OTTAWA -- RCMP civilian agents with immunity from prosecution covertly committed a range of crimes, including firearms offences, counterfeiting and theft over $5,000 under the Mounties' direction in 2004-2005, the federal government has disclosed.

The latest report on the RCMP's use of a new law which for the first time gives police, and agents under their authority, an immunity from prosecution for most crimes committed in the line of duty, was tabled in the Commons chamber a week ago by Public Safety Minister Stockwell Day.

The contentious law shields designated "public officers" -- police, park wardens, fisheries officers, customs officials and jail guards who are enforcing any federal statute, and their agents -- from criminal liability for virtually all crimes, short of obstructing justice, sex crimes, or violence causing bodily harm, provided their otherwise illegal conduct is "reasonable and proportional" to the crimes being investigated.

Thursday, the Canadian Bar Association, the voice for 36,000 lawyers across the country, demanded the government repeal the Criminal Code provisions which law enforcement officials call "essential" to combat organized criminals and terrorists but civil libertarians deplore as unnecessary and unconstitutional.

"It is highly questionable whether it is consistent with the rule of law for police to break the law in order to enforce it," said Vancouver lawyer Greg DelBigio, who spoke for the association before the Commons justice committee Thursday.

The justice committee is in the midst of an overdue mandatory three-year study of whether the February 2002 law is working, and what reforms should be made.

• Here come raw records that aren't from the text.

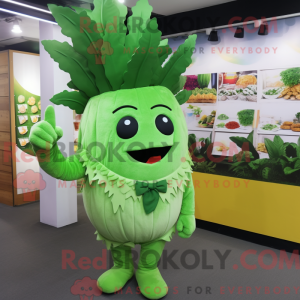 Olivenkål maskot kostume...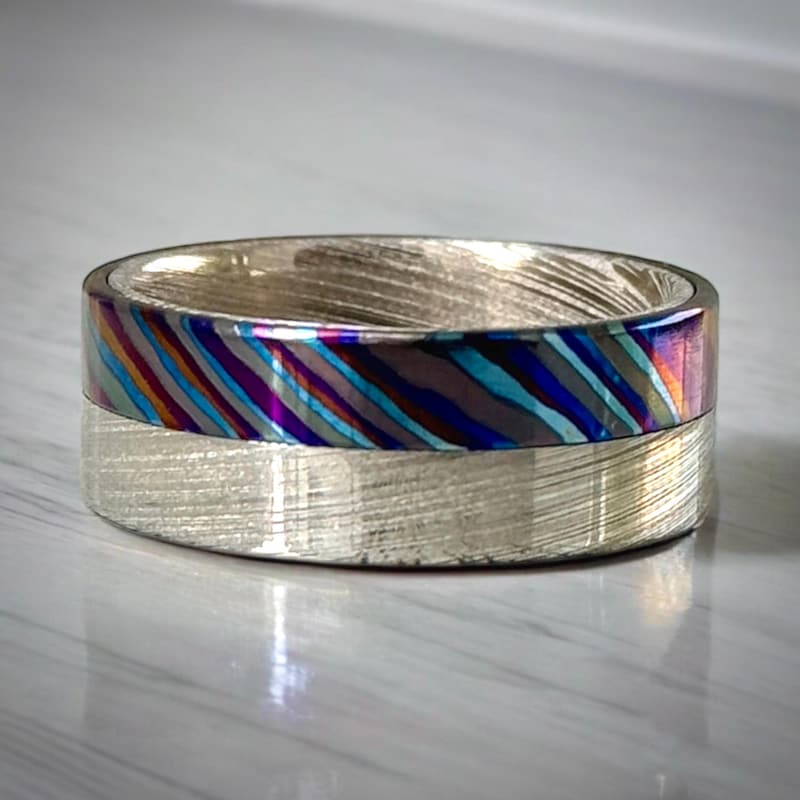 Custom Wedding Band - Etsy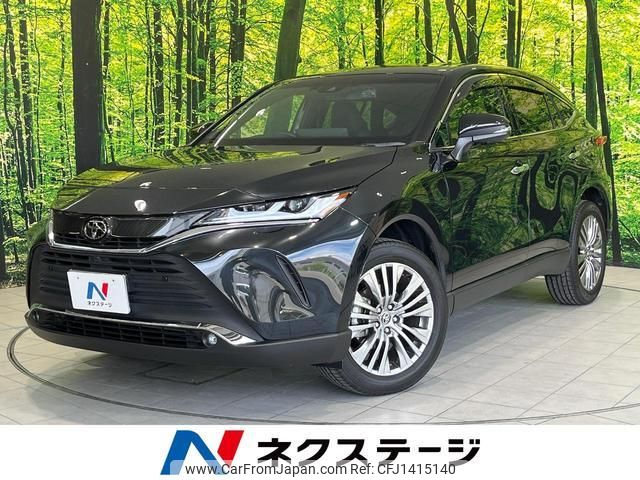 toyota harrier 2022 quick_quick_MXUA80_MXUA80-0069730 image 1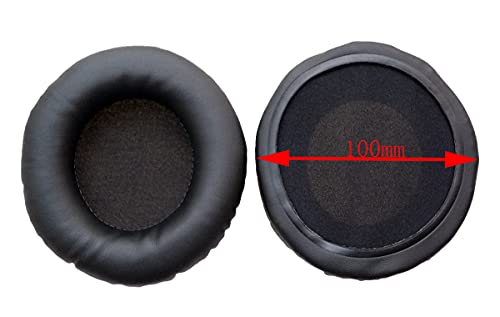 V-MOTA Ohrpolster kompatibel mit SADES A6 A7 G2 A55 G60 MPOWER Stereo PC PS4 Gaming Headset, Ersatzkissen Reparaturteil Bild 5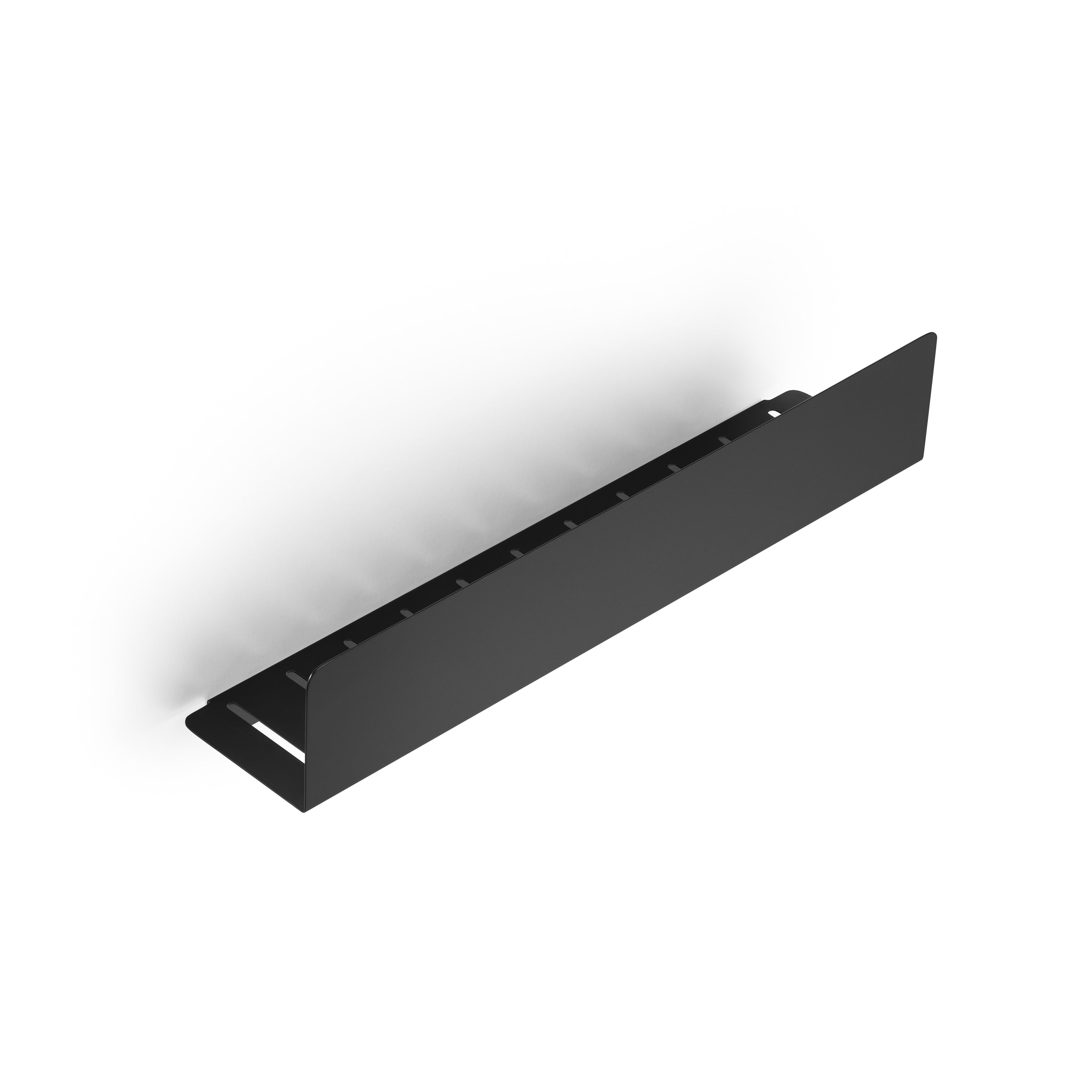Brushed gold shower shelf  40 cm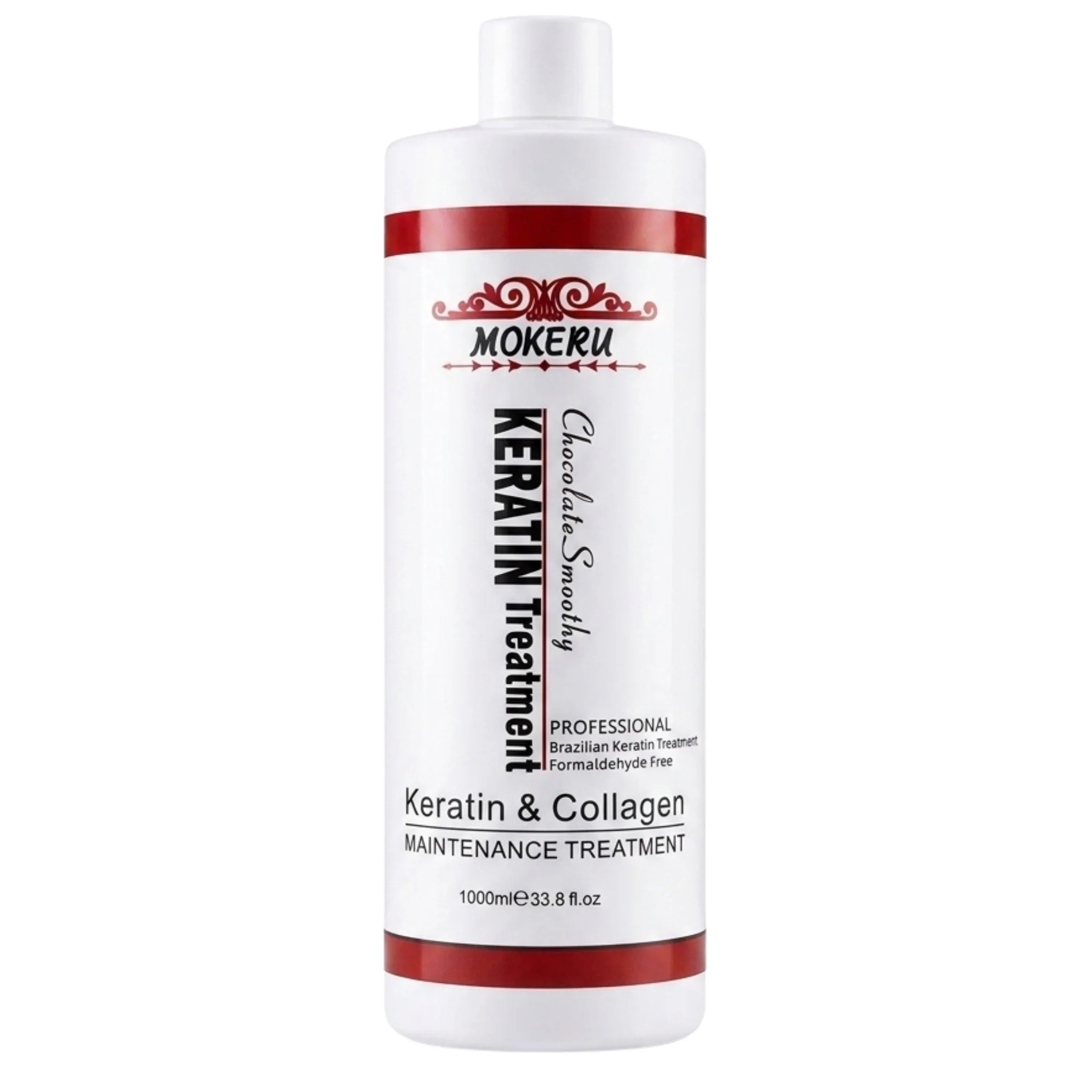 Mokeru Chocolate Brazilian Keratin Maintenance Treatment 1000ml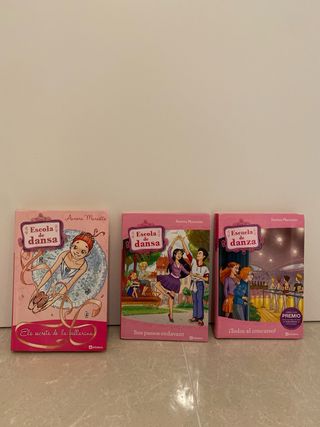 Llibre juvenil Escola de dansa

Statistics disclosed last week by the government in its third annual report on the law reveal that from Feb. 1, 2004 to Jan. 31, 2005, the RCMP authorized its agents, typically informers and criminals, to commit multiple crimes on seven occasions, including illegal firearms offences, possession of stolen goods, possession of forged passports, theft over $5,000 and counterfeiting.

What would otherwise have been illegal activities were committed during investigations into the alleged sale of contraband and jewelry, immigration offences, and suspected crimes involving stolen property, improperly stamped tobacco products, and counterfeiting.

No illegal conduct by police officers themselves was disclosed, but that does not necessarily mean that police did not dirty their hands.

Although the law requires all illegal conduct by police agents to be publicly disclosed, in the case of police officers' own actions only those illegal activities that are likely to result in the loss of, or serious damage to, property must be publicly reported. There were no offences in that category committed by police in 2004, says the report. However that leaves a host of otherwise illegal activities, including physical assaults short of causing bodily harm, that could have been engaged in by police without Parliament or the public ever finding out.

"If breaking the law to enforce the law can ever be justified, it requires meaningful oversight and accountability," DelBigio stressed. "The current (reporting) mechanisms are woefully inadequate." RCMP Assistant Commissioner Raf Souccar assured the justice committee the Mounties observe "strict policy guidelines" to ensure they comply with all the safeguards in the law. "In many types of criminal organizations and terrorist-related investigations it is sometimes vital for undercover police officers to pose as those engaged in criminal activity," he testified recently.

Without the immunity from prosecution, police would be "severely restricted in their investigative capabilities," he said. "The legislation has not been abused."